Question

At temperature $T$, a compound $A{B}_2\left(g\right)$ dissociates according to the reaction,
$2A{B}_2\left(g\right)\rightleftharpoons 2AB\left(g\right)+B_2\left(g\right)$

With degree of dissociation $x$, which is small compared to unity. The expression for $x$ in terms of the equilibrium constant $K_p$ and total pressure $P$ is:

• A. $x={\left(\frac{{2K}_p}{P}\right)}^{\frac{1}{3}}$
• B. $x={\left(\frac{2P}{K_P}\right)}^{\frac{1}{3}}$
• C. $x={\left(\frac{2K_p}{P}\right)}^{\frac{1}{2}}$
• D. $x={\left(\frac{2K_p}{P}\right)}^3$

Answer 1

The correct option is A $x={\left(\frac{{2K}_p}{P}\right)}^{\frac{1}{3}}$

Given reaction:

$2A{B}_2\left(g\right)\rightleftharpoons 2AB\left(g\right)+B_2\left(g\right)$

Initial pressure $P_o$ $0$ $0$

Equilibrium pressure $P_O(1-x)$ $P_{O}x$ $\frac{P_{O}x}{2}$

Where x = degree of dissociation

Now total pressure for the reaction at equilibrium can be given as

$P=P_O(1-x)+P_{O}x+\frac{P_{o}x}{2}$

Simplifying the above we get,

$P=P_O+\frac{P_{o}x}{2}$

$P_o$ in terms of P will be $P_O=\frac{2P}{2+x}$

Now, since it is given that the degree of dissociation is small compared to unity, that is, $x<<<1$

Therefore, $P_O=\frac{2P}{2+x}$

$\Rightarrow P_O=P$ (Since,$2+x\approx 2$)
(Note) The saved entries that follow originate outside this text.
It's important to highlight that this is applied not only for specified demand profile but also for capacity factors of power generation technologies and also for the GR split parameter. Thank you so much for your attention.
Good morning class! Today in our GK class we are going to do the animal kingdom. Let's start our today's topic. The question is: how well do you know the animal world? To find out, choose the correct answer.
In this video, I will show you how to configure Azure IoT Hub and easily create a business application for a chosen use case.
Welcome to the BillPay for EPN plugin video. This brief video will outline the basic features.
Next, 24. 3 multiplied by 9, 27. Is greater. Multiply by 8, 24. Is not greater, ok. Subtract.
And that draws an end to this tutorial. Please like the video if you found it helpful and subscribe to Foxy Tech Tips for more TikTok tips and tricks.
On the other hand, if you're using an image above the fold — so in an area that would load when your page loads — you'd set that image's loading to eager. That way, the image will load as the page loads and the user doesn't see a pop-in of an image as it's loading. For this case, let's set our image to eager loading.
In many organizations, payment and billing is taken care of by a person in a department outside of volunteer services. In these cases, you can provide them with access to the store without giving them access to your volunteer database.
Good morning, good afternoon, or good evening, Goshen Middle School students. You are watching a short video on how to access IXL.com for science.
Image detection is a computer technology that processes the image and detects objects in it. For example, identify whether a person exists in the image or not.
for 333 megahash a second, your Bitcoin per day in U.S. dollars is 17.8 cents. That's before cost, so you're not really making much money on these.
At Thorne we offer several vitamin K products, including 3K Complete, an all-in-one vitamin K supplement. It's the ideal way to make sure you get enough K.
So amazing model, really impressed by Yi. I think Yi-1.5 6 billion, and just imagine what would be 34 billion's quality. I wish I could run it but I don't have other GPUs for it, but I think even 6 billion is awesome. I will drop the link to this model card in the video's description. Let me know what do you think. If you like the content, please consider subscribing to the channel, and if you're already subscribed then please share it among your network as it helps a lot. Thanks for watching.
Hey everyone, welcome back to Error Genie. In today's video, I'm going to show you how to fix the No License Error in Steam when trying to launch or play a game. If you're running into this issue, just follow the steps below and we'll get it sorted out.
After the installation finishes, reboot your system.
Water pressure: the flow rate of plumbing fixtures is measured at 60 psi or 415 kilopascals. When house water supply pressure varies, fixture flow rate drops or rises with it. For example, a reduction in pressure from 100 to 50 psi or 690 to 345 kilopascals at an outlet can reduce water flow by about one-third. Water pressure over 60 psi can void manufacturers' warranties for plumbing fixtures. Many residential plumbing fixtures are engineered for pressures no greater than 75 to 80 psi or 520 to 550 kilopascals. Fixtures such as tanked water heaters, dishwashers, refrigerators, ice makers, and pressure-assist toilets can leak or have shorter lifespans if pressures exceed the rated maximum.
Now the value of $K_p$ for this reaction will be:

$K_p=\frac{P_{B_2}\times {\left(P_{AB}\right)}^2}{{\left(P_{A{B}_2}\right)}^2}=\frac{\frac{P_x}{2}\times {\left(P_x\right)}^2}{{\left(P_O\right(1-x\left)\right)}^2}$

Now $x<<<1$ and $P_O=P$ therefore simplifying the above we get,

$K_p=\frac{P{x}^3}{2}$

Rearranging the above expression to write x in terms of $K_p$ we get,

$x={\left(\frac{2K_p}{P}\right)}^{\frac{1}{3}}$

Hence, the correct answer will be option A.